SFCHC's Behavioral Health Program

Woman drinking coffee and contemplating her life, while looking out window

 

The COVID-19 pandemic has dramatically increased the global prevalence of anxiety and depression, as well as the suicide death rate. Communities of color, the young and those already struggling with access to healthcare are among those most affected. 

Loneliness, underlying trauma, substance dependence, food and housing insecurity, and financial worries are all stressors that may lead to anxiety and depression. Too often, mental health issues go untreated and individuals struggling with these conditions feel alone and unsupported. 

SFCHC is here to help by providing the emotional support and behavioral health services patients need to live healthier, happier lives. Our compassionate mental health professionals provide crisis evaluation, suicide assessments, one-on-one therapy and consultations with licensed providers when needed. 

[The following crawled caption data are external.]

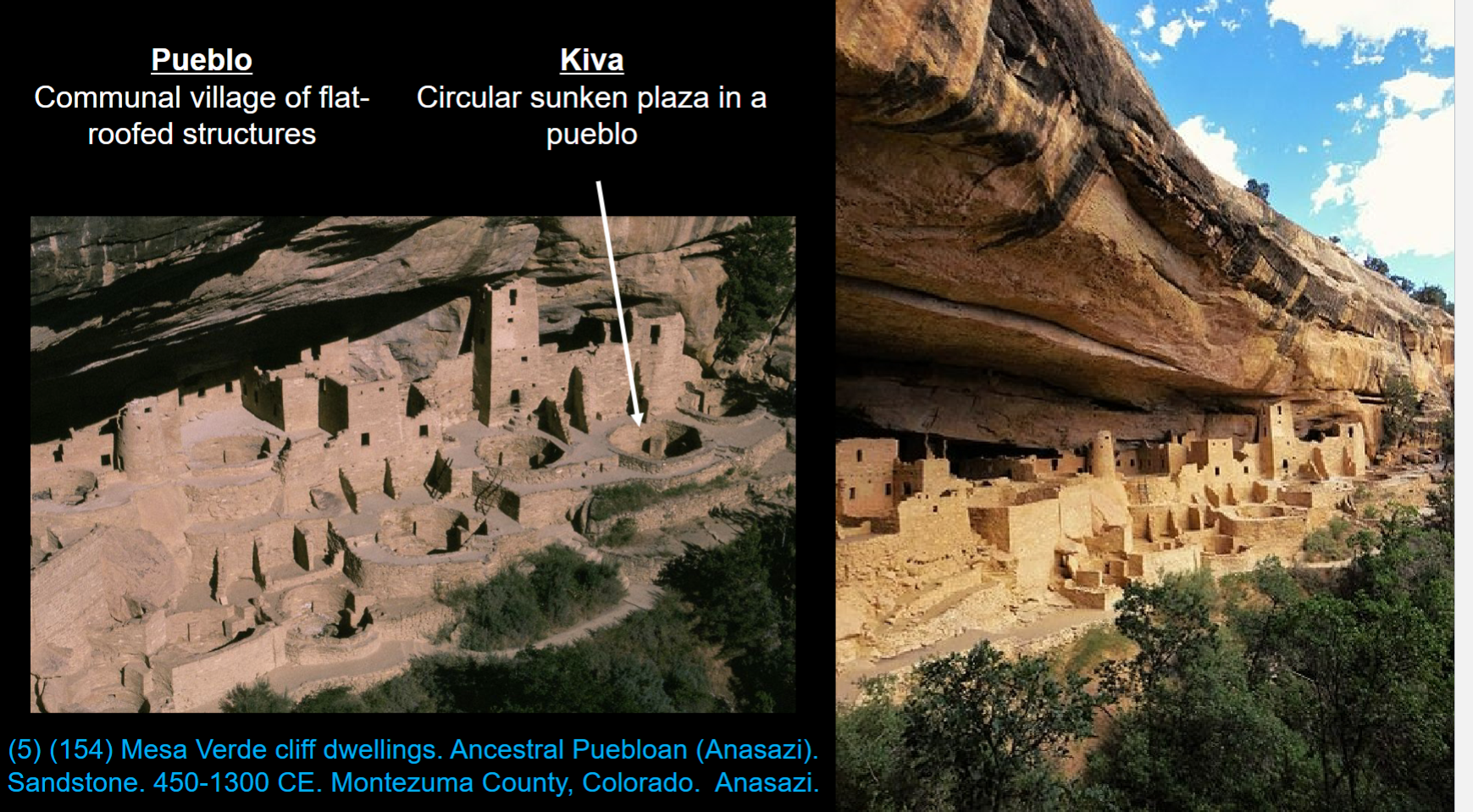 <p><strong>Mesa Verde Cliff Dwellings:</strong> Form</p>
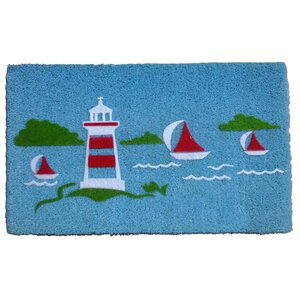 Yacht Light House Doormat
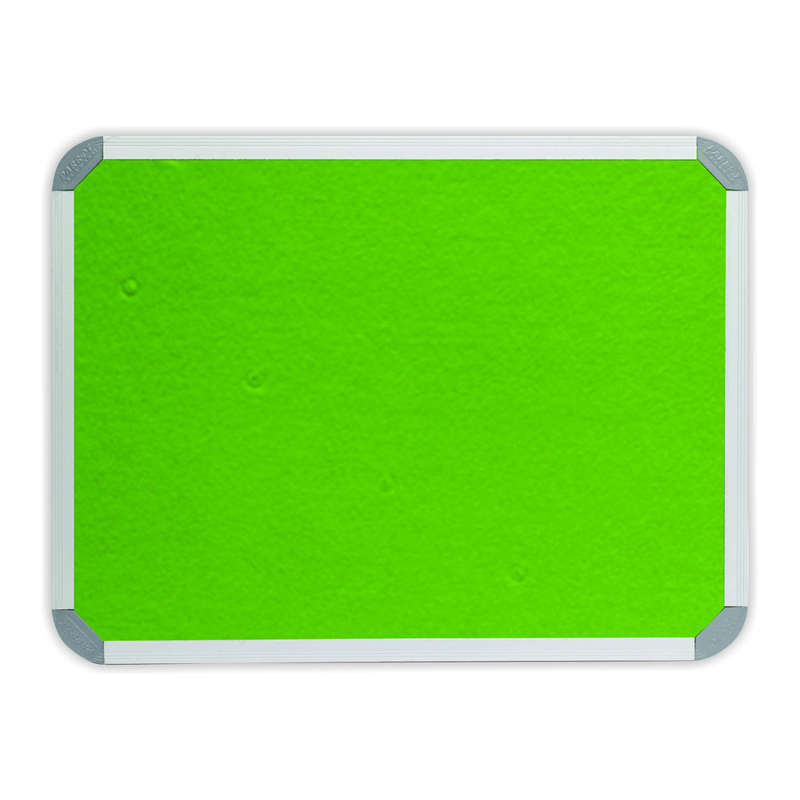 Parrot Info Board Aluminium Frame 1200x900mm Lime Green BD0741C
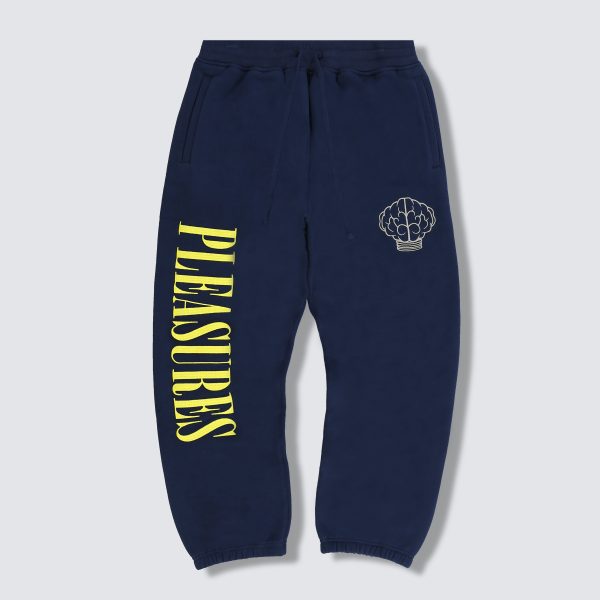 Pleasures NERD Sweatpants in Navy For Sale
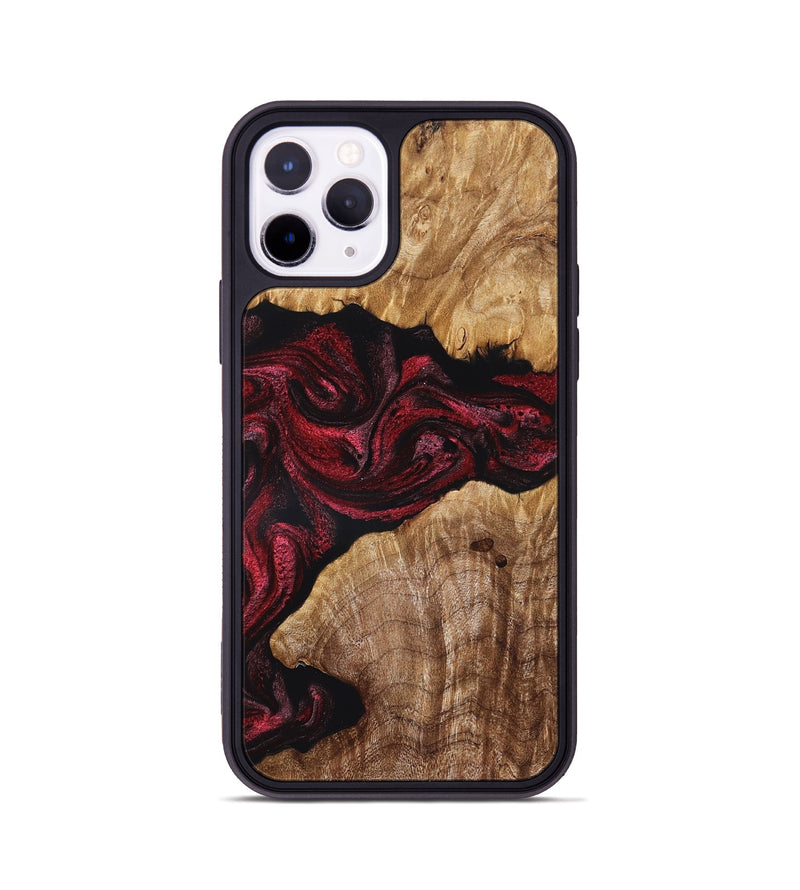 iPhone 11 Pro Wood Phone Case - Jeanine (Red, 832902)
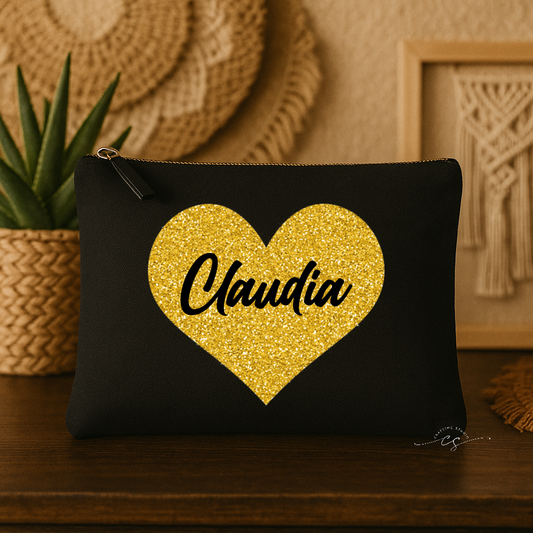 Pochette Nero Glitter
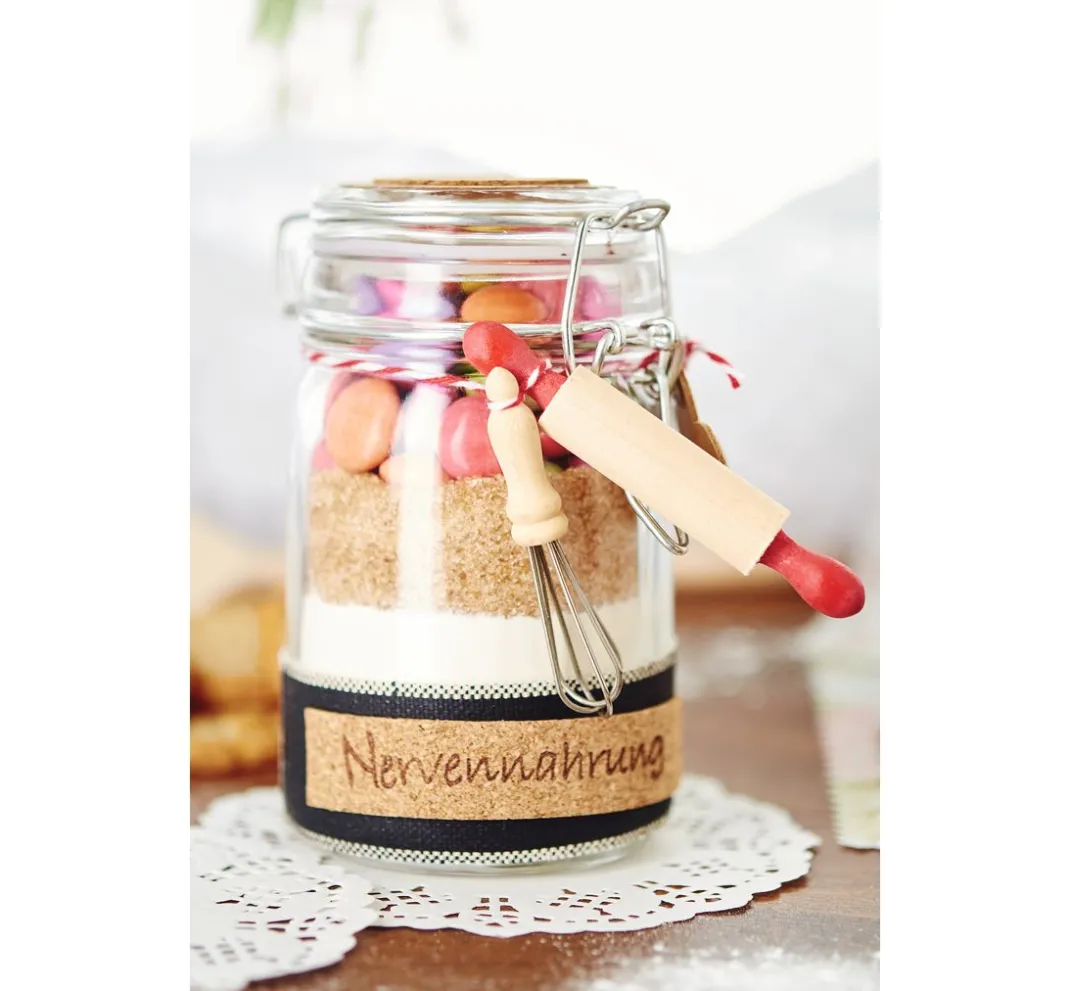 VBS Glasgravur|Glas- & Porzellanmalerei>Vorratsgläser "Mini", 2 Stück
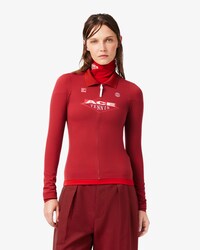 Runway Stretch Polohemd met Rits en Strakke Pasvorm
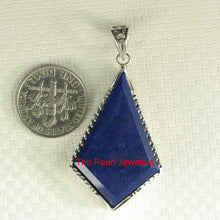 Load image into Gallery viewer, 9220053-Solid-Sterling-Silver-Blue-Lapis-Lazuli-Pendant-Necklace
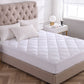 Kasentex Deluxe Fitted Mattress Pad Cover with Deep Pockets, White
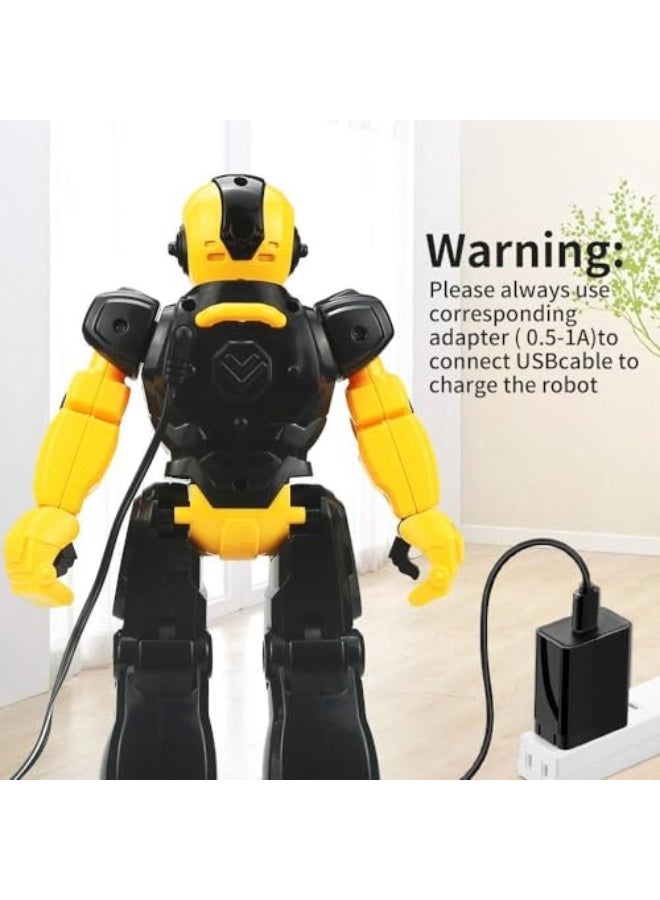 XICEN Kids Intelligent Programmable RC Robot Toy, with Infrared Controller, with Dancing,Singing, Moonwalking and LED Eyes, Gesture Sensing Robot Kit Toy for Childrens Entertainment Gift - Image 4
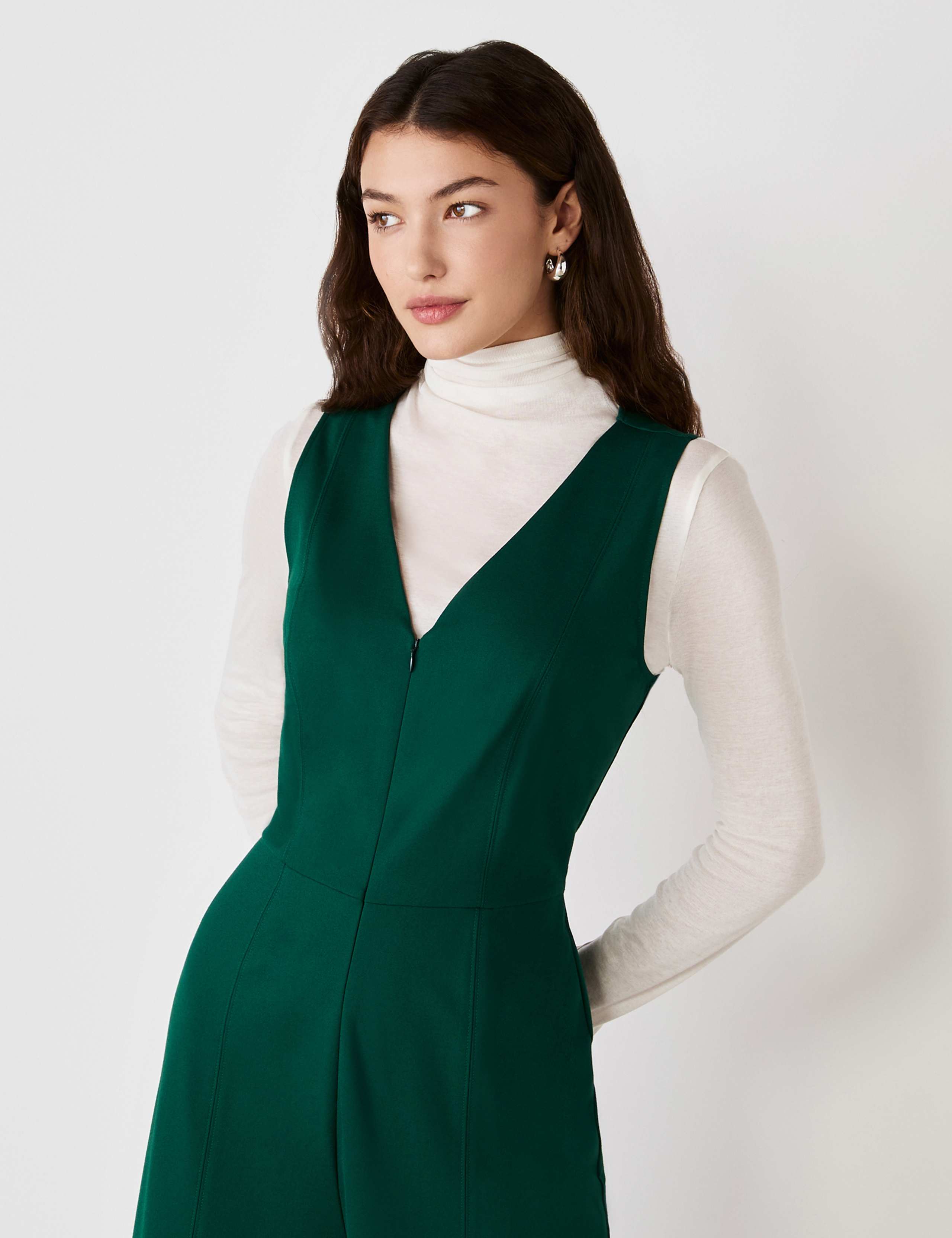 Ponte Jersey Sleeveless Wide Leg Jumpsuit 4 of 6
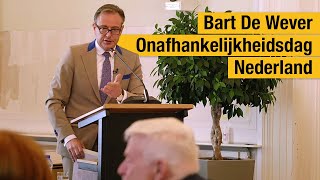 Lezing Bart De Wever op de Nederlandse Onafhankelijkheidsdag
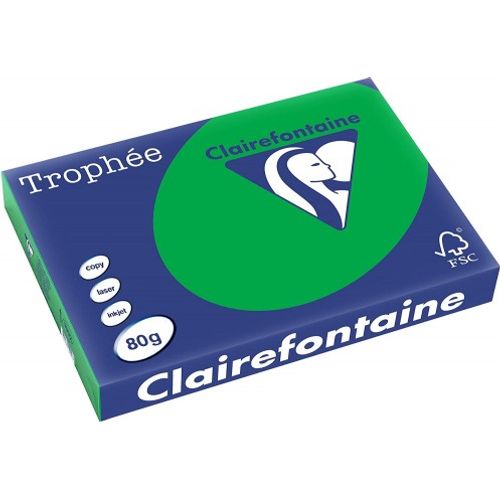Ramette de papier Trophée -Clairefontaine Vert Billard 80g 500 feuilles 1991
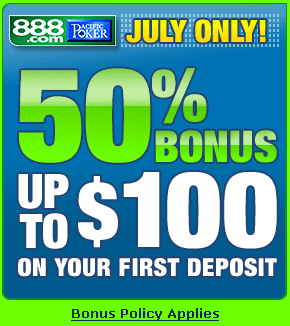 Pacific Poker great Bonus promotion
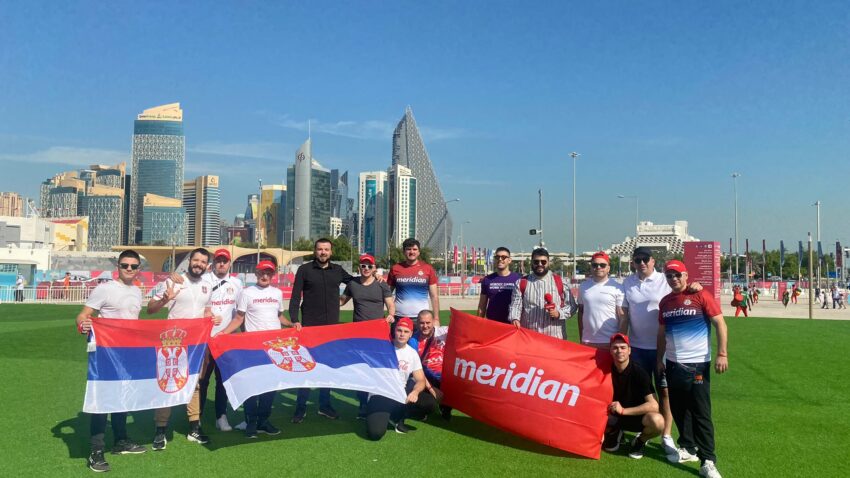 MERIDIANOV KARAVAN STIGAO U KATAR: Limeni na čelu navijača Srbije!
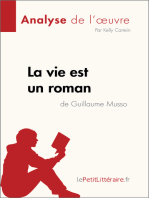La vie est un roman de Guillaume Musso (Analyse de l'œuvre)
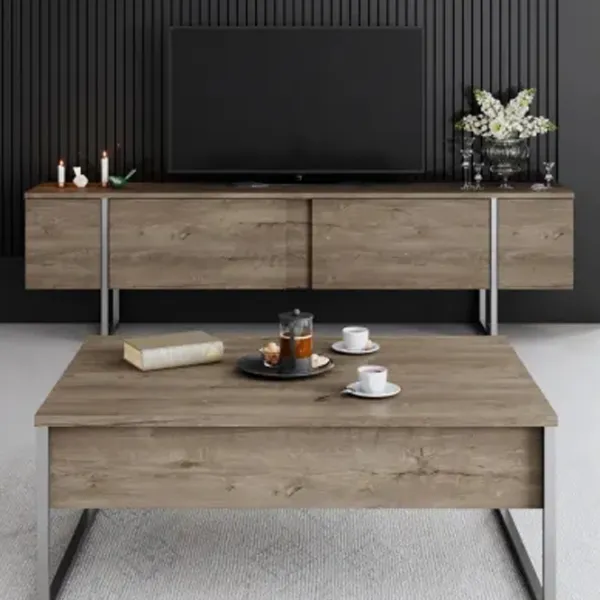 Тумба под телевизор Trendy Luxe 50 x 180 x 30см / ДСП photo 4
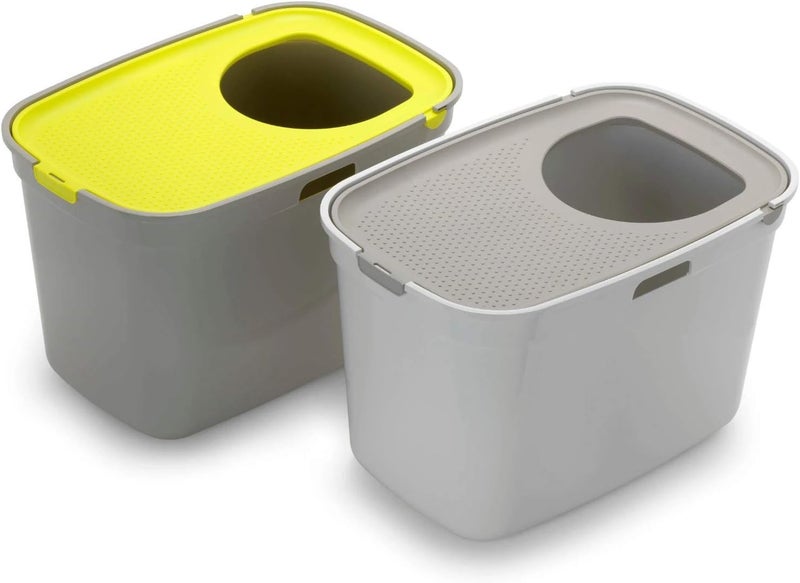 MODERNA Top Cat Smart Litter Bo X Dog & Toddler Proof 59 39 H38 cm, Lemon Color, Ag50-0330, 1 Count (Pack Of 1) - Image 5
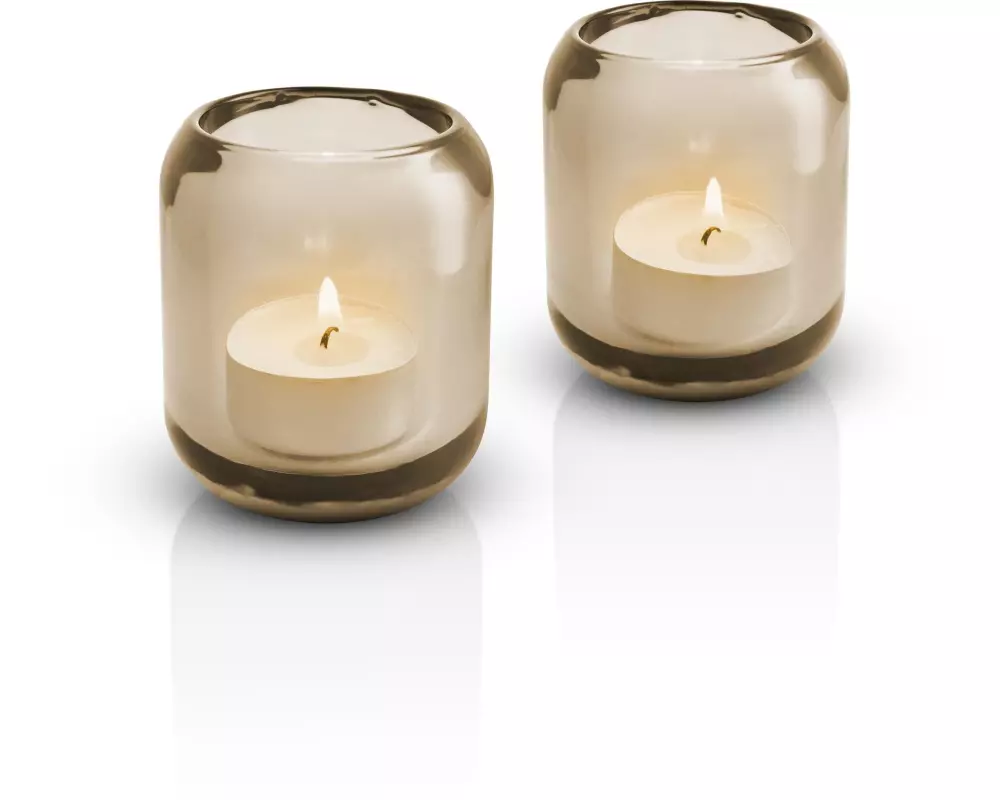 Eva Solo Teelichthalter Acorn 2 Stück, Hellbraun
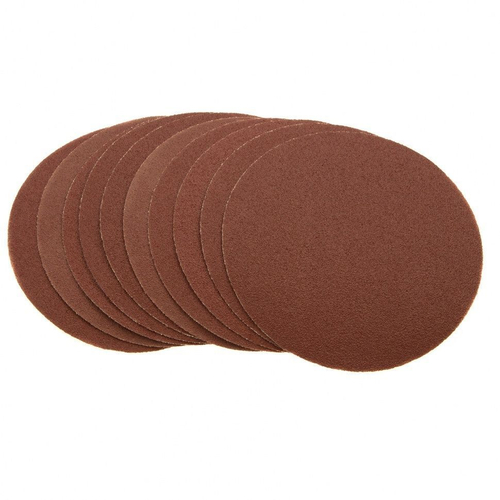 Абразив. бумага (липучка) d125мм Р80 ПРАКТИК (10 шт/уп)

We also offer referrals to support groups, substance abuse treatment centers, housing and unemployment services, and other resources to connect patients with the assistance they need to feel well again. 

“If you or someone you care about is experiencing anxiety or depression, it is important to remember you are not alone,” said Norma Villalobos, a licensed clinical social worker (LCSW) who has been with SFCHC for five years. “If you’re worried, don’t be afraid to reach out and ask for help.”

SFCHC offers a team of LCSWs who provide therapy to patients, case managers who connect patients with internal and external resources, and a psychiatrist and psychiatric nurse practitioner who provide specialty care to meet the needs of individuals and families. 

If you need assistance, the first step is to contact your primary doctor for a screening, diagnosis and referral to one of our mental health practitioners. Or, you may request an appointment with SFCHC’s Behavioral Health Program directly by calling 818.963.5690 or visiting sfchealthcenter.org.

 

 

In response to the current mental health crisis, a national three-digit suicide prevention hotline, 988, is launching on July 16, 2022 to assist individuals who are suicidal or experiencing a mental health crisis. Callers who dial or text 988 will be connected to a crisis counselor where they may receive crisis counseling, resources and referrals, and in some cases, assistance from a mobile crisis unit.